Your goal
Copy every record exactly, leaving the pictures out.

Image-caption web data

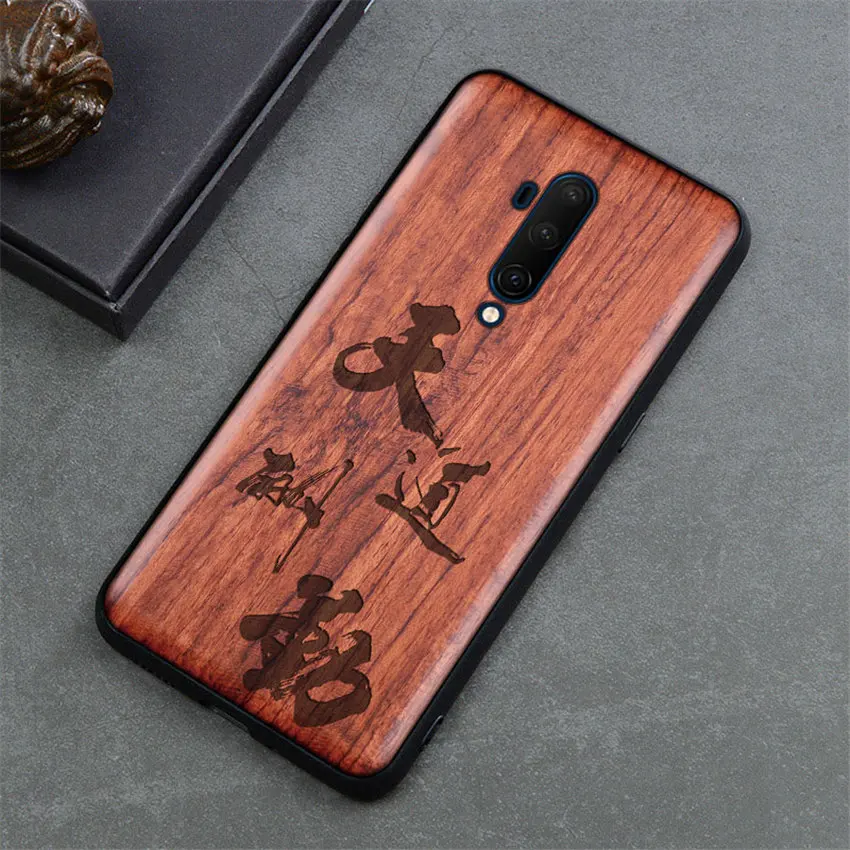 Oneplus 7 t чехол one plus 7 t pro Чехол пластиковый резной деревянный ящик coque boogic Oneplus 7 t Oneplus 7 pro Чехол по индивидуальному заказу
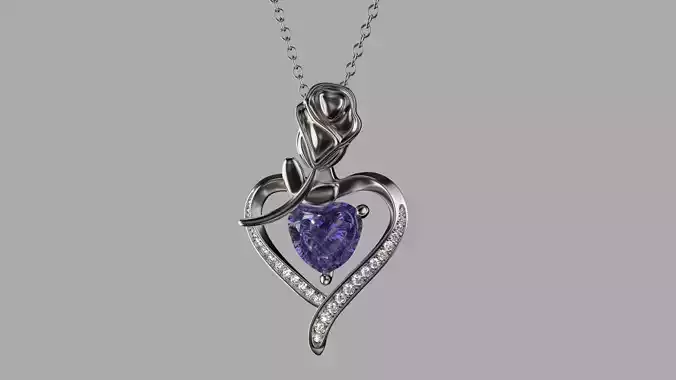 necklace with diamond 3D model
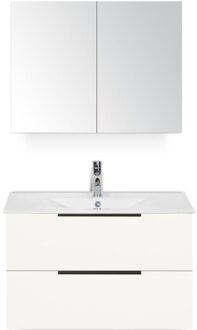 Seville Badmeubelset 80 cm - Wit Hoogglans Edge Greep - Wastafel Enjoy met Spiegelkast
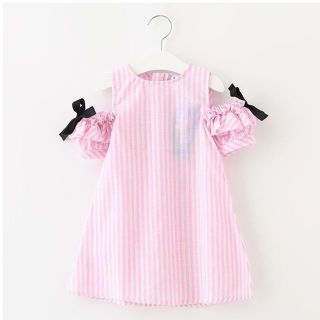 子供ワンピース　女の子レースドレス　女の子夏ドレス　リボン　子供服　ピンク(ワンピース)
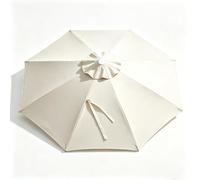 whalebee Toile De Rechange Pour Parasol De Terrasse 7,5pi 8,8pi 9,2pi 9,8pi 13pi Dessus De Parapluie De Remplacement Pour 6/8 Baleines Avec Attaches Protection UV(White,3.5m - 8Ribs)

Written reply
 Oneplus 7 t чехол one plus 7 t pro Чехол пластиковый резной деревянный ящик coque boogic Oneplus 7 t Oneplus 7 pro Чехол по индивидуальному заказу
 necklace with diamond 3D model
 Seville Badmeubelset 80 cm - Wit Hoogglans Edge Greep - Wastafel Enjoy met Spiegelkast
 子供ワンピース　女の子レースドレス　女の子夏ドレス　リボン　子供服　ピンク(ワンピース)
 whalebee Toile De Rechange Pour Parasol De Terrasse 7,5pi 8,8pi 9,2pi 9,8pi 13pi Dessus De Parapluie De Remplacement Pour 6/8 Baleines Avec Attaches Protection UV(White,3.5m - 8Ribs)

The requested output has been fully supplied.